Подпасок с огурцом - Лаврова Ольга 4 стр.


– «Инфанту» я торговал еще у Конкина, – вспоминает Бобо­рыкин. – Таланов перехватил буквально из-под носа.

– Вот жалость! – ахает Муза.

– Я ему сулил и денег кучу и обмен: двух итальянцев и Борисо­ва-Мусатова в придачу. Нет, вцепился намертво. – Боборыкин чуточку сердится от давнишней неудачи. – А потом все собрание отдал в краеведческий музей. Ради чего? Чтобы красовалась табличка: «Передано в дар М. Талановым». Пустое тщеславие, ничего больше.

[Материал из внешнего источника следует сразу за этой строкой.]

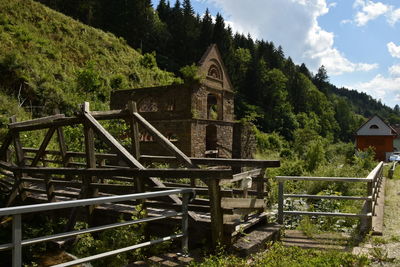 Built structure by trees against sky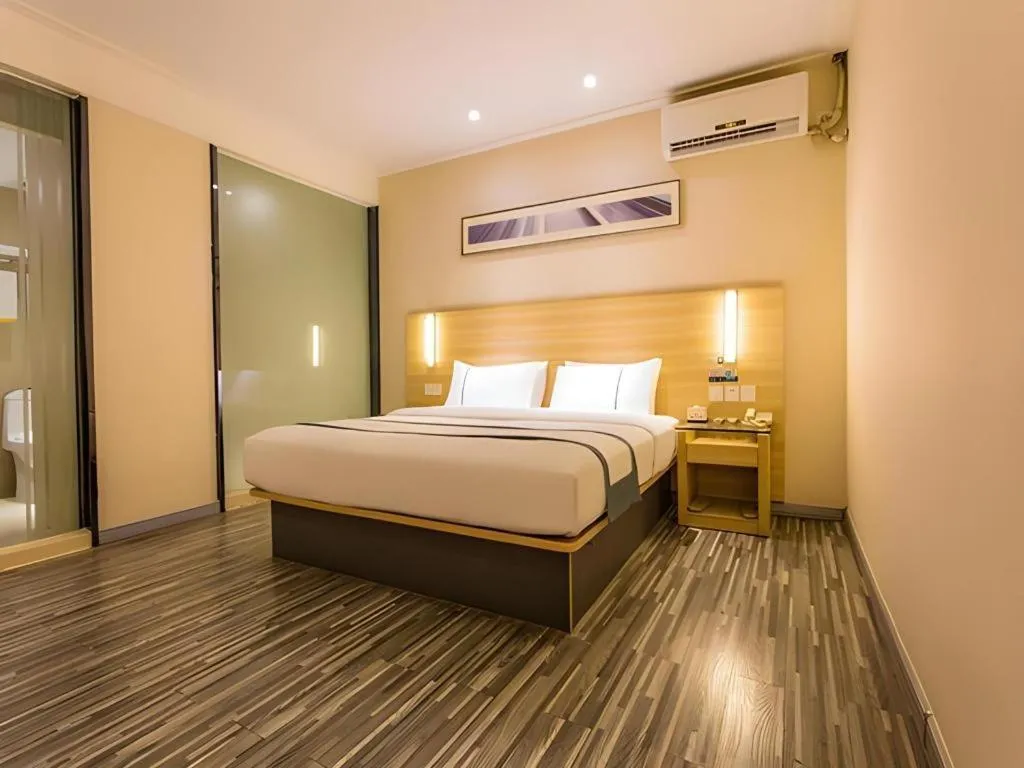 Bed in City Comfort Inn Nanning Wuming Xiangshan Avenue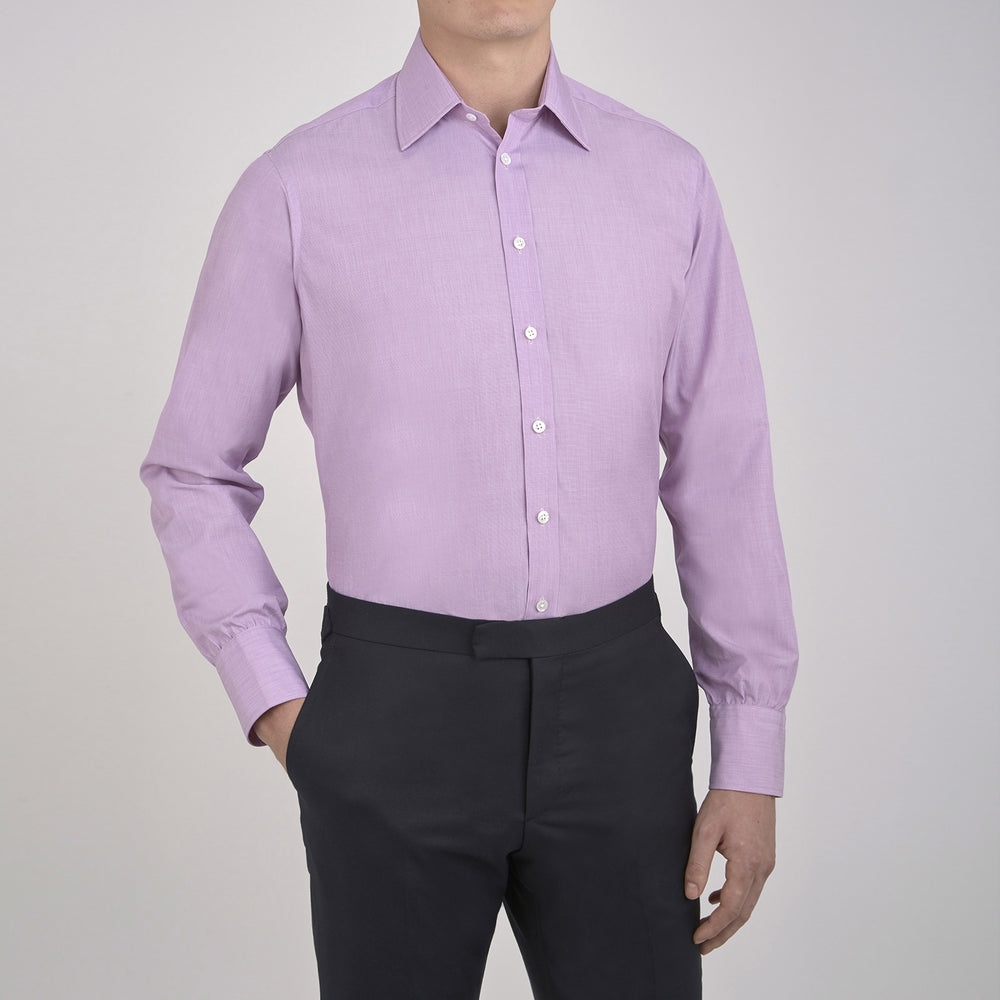 A neatly folded Turnbull & Asser Lilac End-on-End Shirt with T&A collar and 3-button cuffs, featuring white buttons and long sleeves, is displayed on a plain white background.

– Называется, человек пожертвовал народу, – бормочет Альберт с набитым ртом. – А народ даже сторожа не нанял. Муза, подвинь мне масло.

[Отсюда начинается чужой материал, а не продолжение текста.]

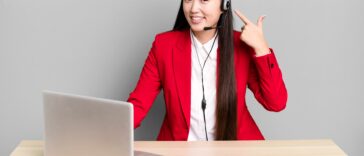 woman sitting behind a desk with a laptop pointing at her headset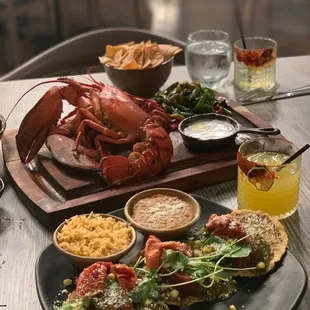 a lobster, chips, and a salad on a table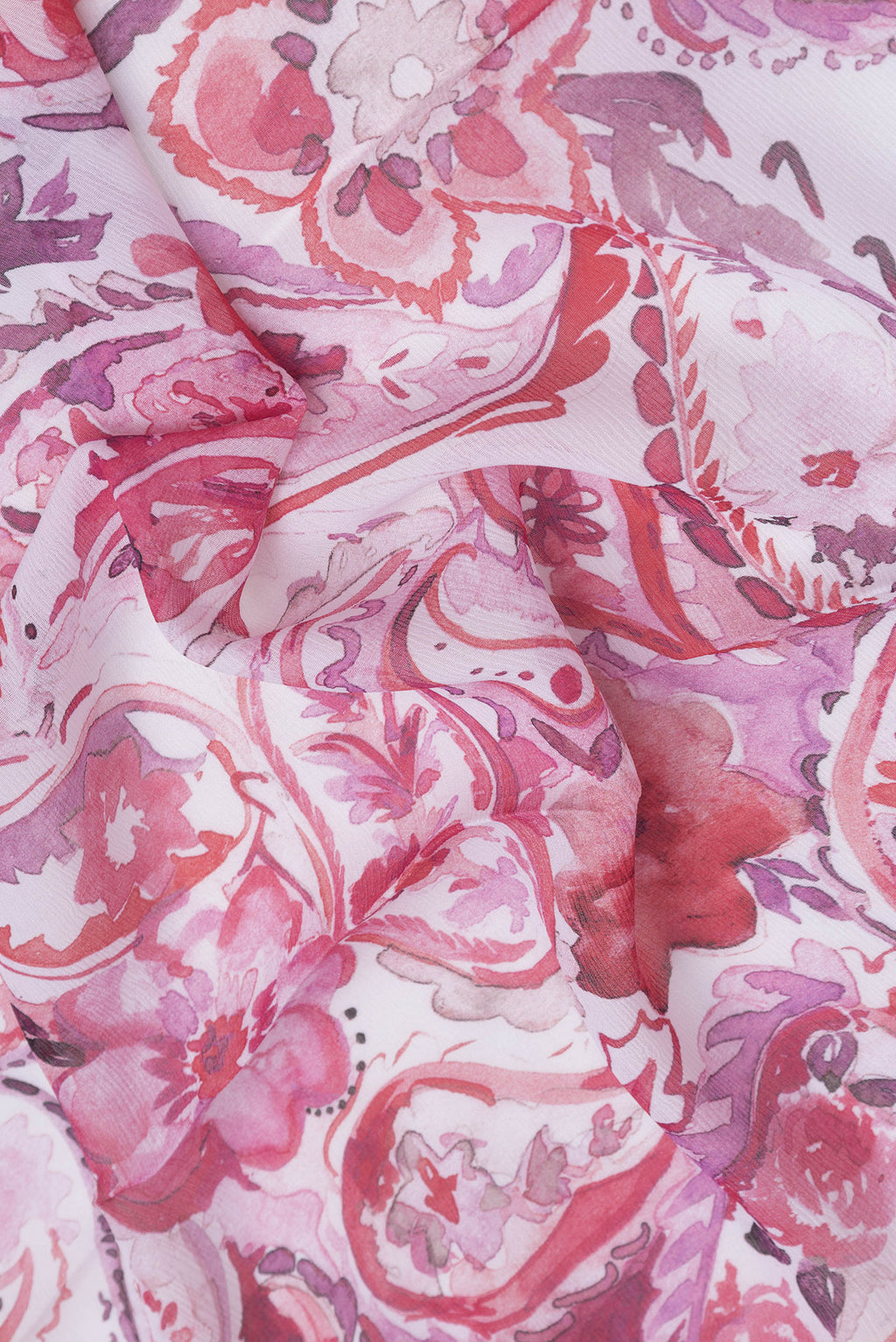 Close up of Rose Gold Mysore Chiffon Saree with Printed design on the body and Without Border.  displaying folds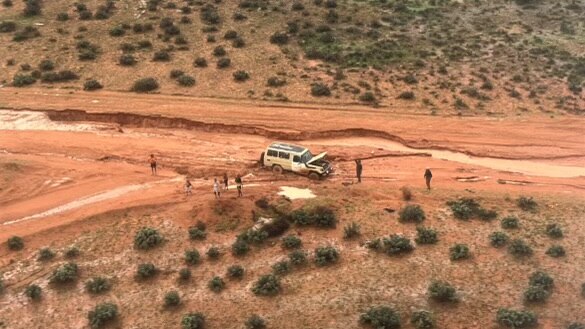 An aerial image of a car and seven people in the bush 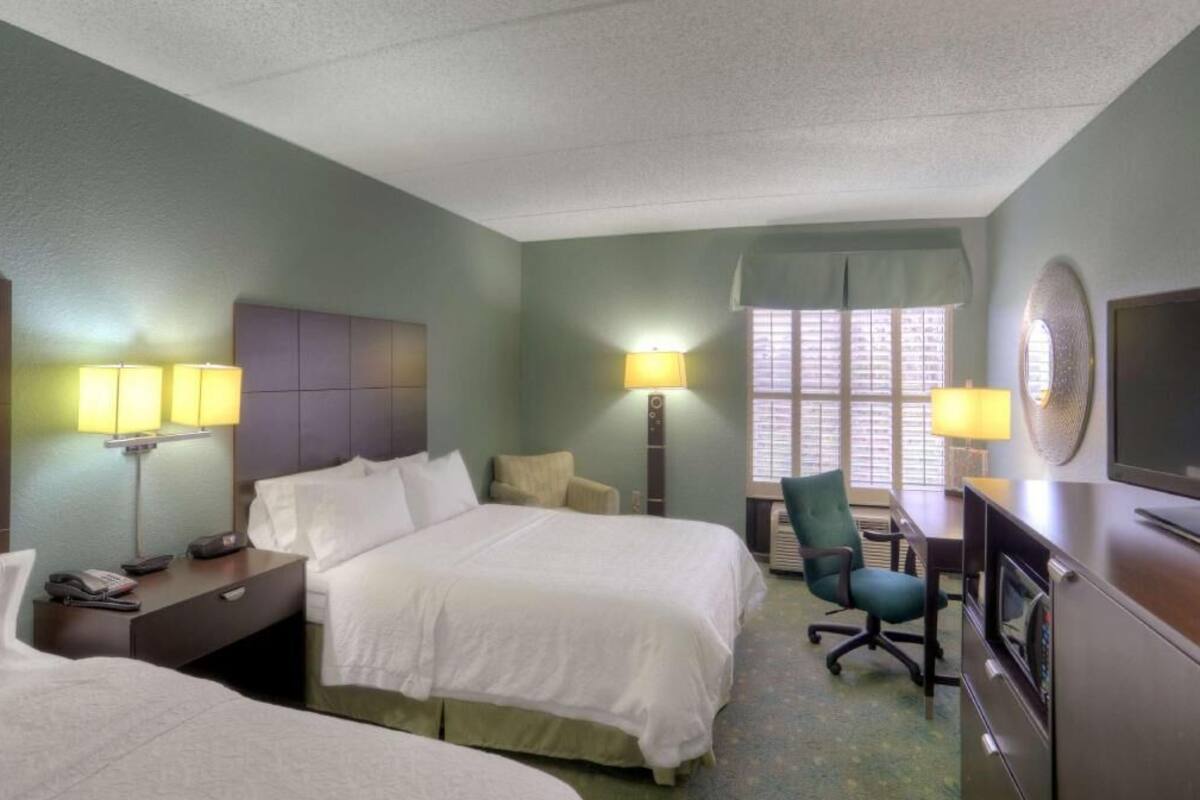 A hotel room with two beds, a desk, a chair, a TV, and a window with blinds.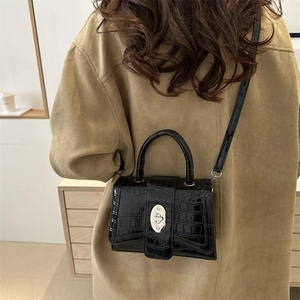 Sac à main noir à motif crocodile avec boucle en métal argenté sur fond de manteau en laine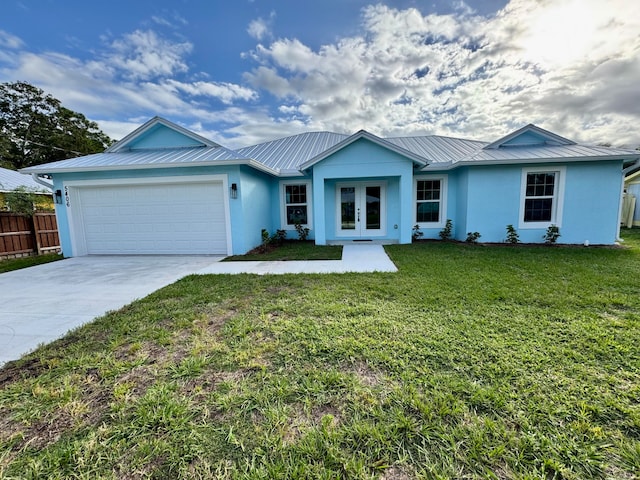 single story home featuring a front yard and a garage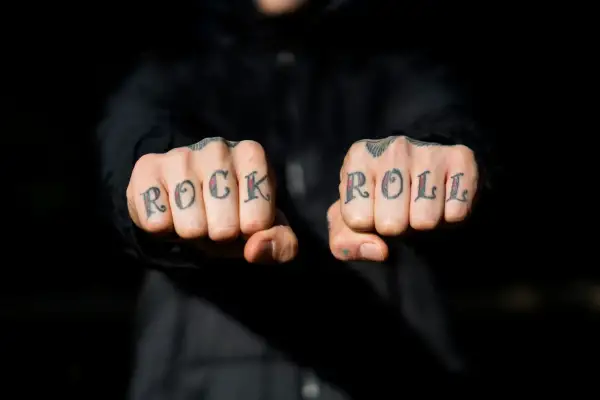 Manos con tatuajes en los nudillos que dicen "ROCK ROLL". A pesar de la pena y el pánico, el rock and roll vive.
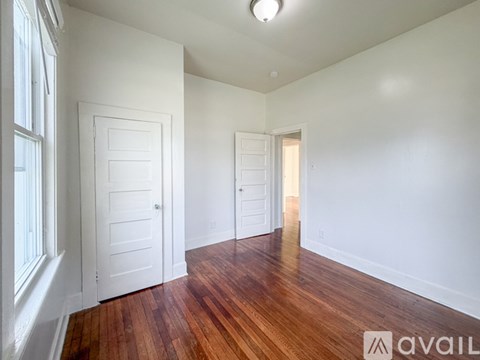 A room with wooden floors and white walls.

– Неужели действительно из музея украли?

– Ха! Из Лувра воруют. Котлет не осталось?

– Нет, Алик, – виновато отвечает Муза. – Хочешь, возьми мою.

Альберт забирает с тарелки Музы котлету.

– Если повадятся из музеев красть, то я просто не знаю… Кошмар!

– «Кошмар»!.. – передразнивает Альберт. – Да периферийно­му обывателю что Веласкес, что Собачкин – без разницы.

– Обожаешь строить из себя циника! Папа, чтобы не забыть, ты не ответил про Кипчака.

– Кипчак, деточка, существо безобидное и добропорядочное.

– А у кого, по-твоему, могла подняться рука записать «Инфан­ту»?

– Начинаем работать на органы? – хмыкает Альберт. – Де­лать нечего – нажарила бы мужу котлет вдоволь.

Муза со стоном вздыхает, глядя на стену.

– Что? – осведомляется Боборыкин.

– Вообразите, что здесь мог висеть Веласкес!..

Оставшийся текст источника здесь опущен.